So, Kellen, when was the last time that happened?
"Last year — I think," he said. "No, wait. I did have one last year. I've had so many, I just forget."
He eventually settled on 2008 as the answer. After five surgeries and years of enduring intense pain he rarely acknowledges, Winslow is learning what works and what doesn't on his battered right knee. And he knows when to go hard and when to lay off.
Given that, Winslow's performance in recent player-only lockout workouts can be viewed only as encouraging. He says his knee feels as good as it has in years, so now's the time to push.
"Last year I was hurting, but I know how to rehab my knee better," Winslow said after a 90-minute workout in Tampa. "I feel good. I feel as ready as I can be right now."
He says that has rarely been the case.
Winslow recalled the early days after his trade to Tampa Bay from the Browns in 2009, when he was criticized by fans for not attending some of the voluntary organized team activity workouts. But Winslow said he had a valid reason.
"I didn't feel like my knee was where it should be, so I needed to rehab back in San Diego," he said.
Winslow averaged 72 receptions in his first two seasons with the Bucs, and there's reason to believe he can maintain that if he continues to manage his knee pain.

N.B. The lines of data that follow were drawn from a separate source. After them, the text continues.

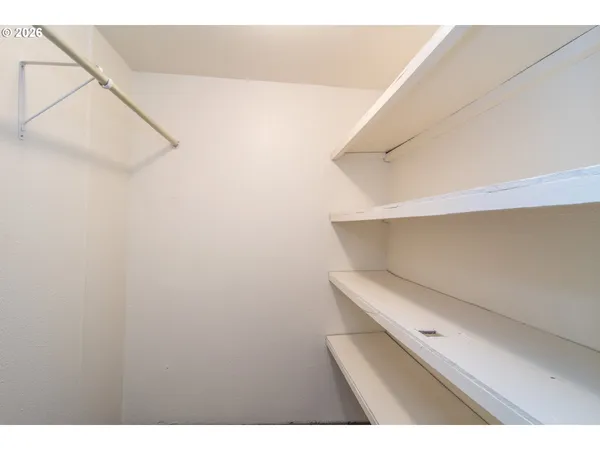 a view of small space with racks on the wall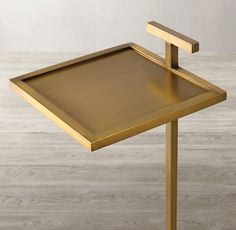 a gold desk with a metal tray on it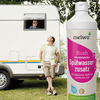 Man standing in front of a caravan, a bottle of dishwasher additive in the foreground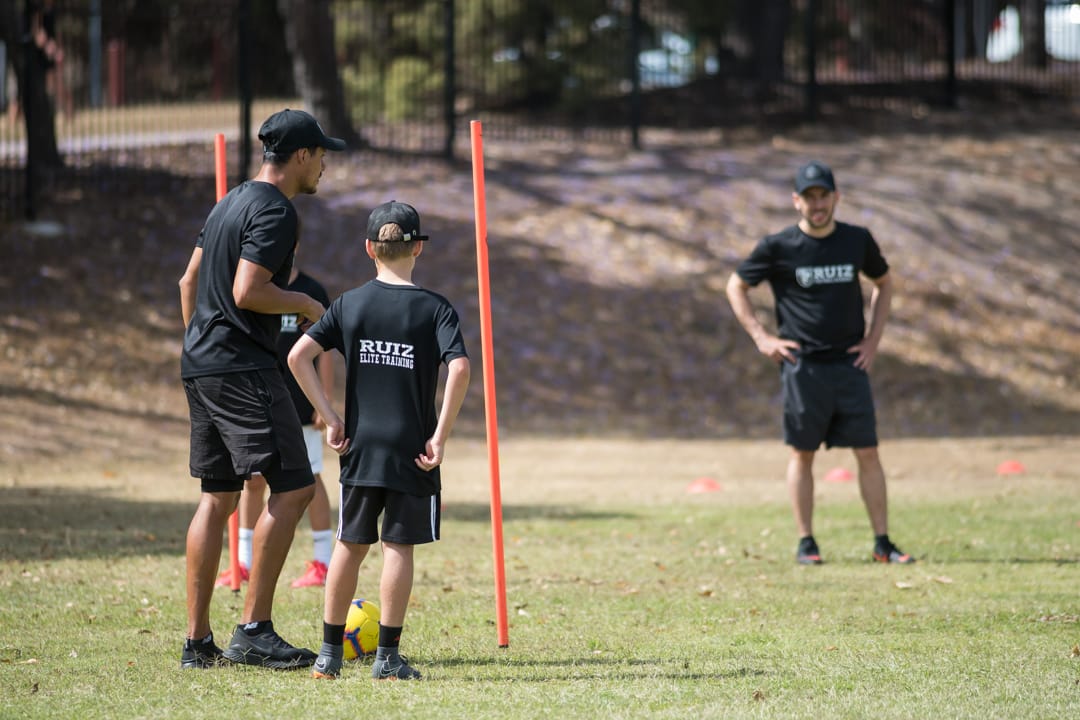 Entrenador guiando una sesion de trabajo con jugador en campo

That task has gotten easier, Winslow said, because he has learned to properly use an advanced muscle stimulation machine. Last season, he said, he used it incorrectly.
"It was affecting my knee in a certain way," Winslow said. "But I've learned how to use the machine better, so my knee feels better."
LOCKOUT WORKOUTS: Bucs players are conducting player-only workouts as the lockout pushes past two months. The sessions are hardly a replacement for offseason practices at One Buc Place supervised by coaches, but here are a few observations:
• The quarterbacks are definitely a unit. All three have been participating, and that includes studying video of last season's and this season's opponents while trying to perfect some common throws in the playbook. There is a real emphasis on leadership, though Josh Freeman, Josh Johnson and Rudy Carpenter are 25 or younger.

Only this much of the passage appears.